Reproduce, exactly and in full, only the lines below from the one containing "Load image into" through the one containing "Building Photo - 720 W Edwards St".

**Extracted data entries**
-.-.-
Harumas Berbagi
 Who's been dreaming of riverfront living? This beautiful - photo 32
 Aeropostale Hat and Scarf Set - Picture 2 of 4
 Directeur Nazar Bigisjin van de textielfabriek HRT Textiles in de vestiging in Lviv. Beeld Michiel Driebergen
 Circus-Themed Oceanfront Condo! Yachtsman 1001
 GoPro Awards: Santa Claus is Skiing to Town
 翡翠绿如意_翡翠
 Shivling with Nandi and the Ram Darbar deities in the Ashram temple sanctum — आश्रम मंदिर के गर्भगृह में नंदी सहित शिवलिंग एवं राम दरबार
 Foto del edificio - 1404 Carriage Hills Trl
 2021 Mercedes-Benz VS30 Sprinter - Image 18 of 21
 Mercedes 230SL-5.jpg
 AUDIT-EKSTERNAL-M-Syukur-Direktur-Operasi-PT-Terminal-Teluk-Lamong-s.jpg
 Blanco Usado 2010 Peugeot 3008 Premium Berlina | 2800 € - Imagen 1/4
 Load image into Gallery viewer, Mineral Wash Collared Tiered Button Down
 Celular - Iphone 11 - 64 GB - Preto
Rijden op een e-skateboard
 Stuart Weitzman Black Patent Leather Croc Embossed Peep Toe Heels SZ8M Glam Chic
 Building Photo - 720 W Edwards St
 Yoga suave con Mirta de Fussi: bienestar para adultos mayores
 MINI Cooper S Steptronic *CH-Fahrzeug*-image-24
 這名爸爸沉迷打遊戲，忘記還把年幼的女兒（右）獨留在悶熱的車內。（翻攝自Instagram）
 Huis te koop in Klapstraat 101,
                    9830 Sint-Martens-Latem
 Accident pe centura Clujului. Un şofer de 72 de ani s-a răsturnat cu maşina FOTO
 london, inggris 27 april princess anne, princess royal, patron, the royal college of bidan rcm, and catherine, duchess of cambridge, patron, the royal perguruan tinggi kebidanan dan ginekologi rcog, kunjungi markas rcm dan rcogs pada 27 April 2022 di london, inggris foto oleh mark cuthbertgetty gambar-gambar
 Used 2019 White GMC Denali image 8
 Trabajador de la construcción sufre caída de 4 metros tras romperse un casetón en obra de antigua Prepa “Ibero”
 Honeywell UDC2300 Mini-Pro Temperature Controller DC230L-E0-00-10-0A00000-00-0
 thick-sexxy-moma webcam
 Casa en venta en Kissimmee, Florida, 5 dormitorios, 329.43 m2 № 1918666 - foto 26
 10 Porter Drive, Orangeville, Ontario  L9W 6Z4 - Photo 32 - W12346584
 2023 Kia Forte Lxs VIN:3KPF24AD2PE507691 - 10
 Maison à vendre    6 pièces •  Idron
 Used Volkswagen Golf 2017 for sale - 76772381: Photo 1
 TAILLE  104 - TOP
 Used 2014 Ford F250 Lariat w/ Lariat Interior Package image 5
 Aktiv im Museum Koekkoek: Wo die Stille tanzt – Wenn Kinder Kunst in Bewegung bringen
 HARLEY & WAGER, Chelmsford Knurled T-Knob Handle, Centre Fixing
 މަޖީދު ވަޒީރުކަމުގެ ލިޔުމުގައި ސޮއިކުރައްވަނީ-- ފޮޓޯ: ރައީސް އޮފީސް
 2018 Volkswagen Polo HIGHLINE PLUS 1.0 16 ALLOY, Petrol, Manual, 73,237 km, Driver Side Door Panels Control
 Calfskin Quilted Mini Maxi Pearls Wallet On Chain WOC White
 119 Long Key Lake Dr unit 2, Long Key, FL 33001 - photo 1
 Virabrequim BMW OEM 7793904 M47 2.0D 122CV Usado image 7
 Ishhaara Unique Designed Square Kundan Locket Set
-.-.-
**Solution for this task**
 Load image into Gallery viewer, Mineral Wash Collared Tiered Button Down
 Celular - Iphone 11 - 64 GB - Preto
Rijden op een e-skateboard
 Stuart Weitzman Black Patent Leather Croc Embossed Peep Toe Heels SZ8M Glam Chic
 Building Photo - 720 W Edwards St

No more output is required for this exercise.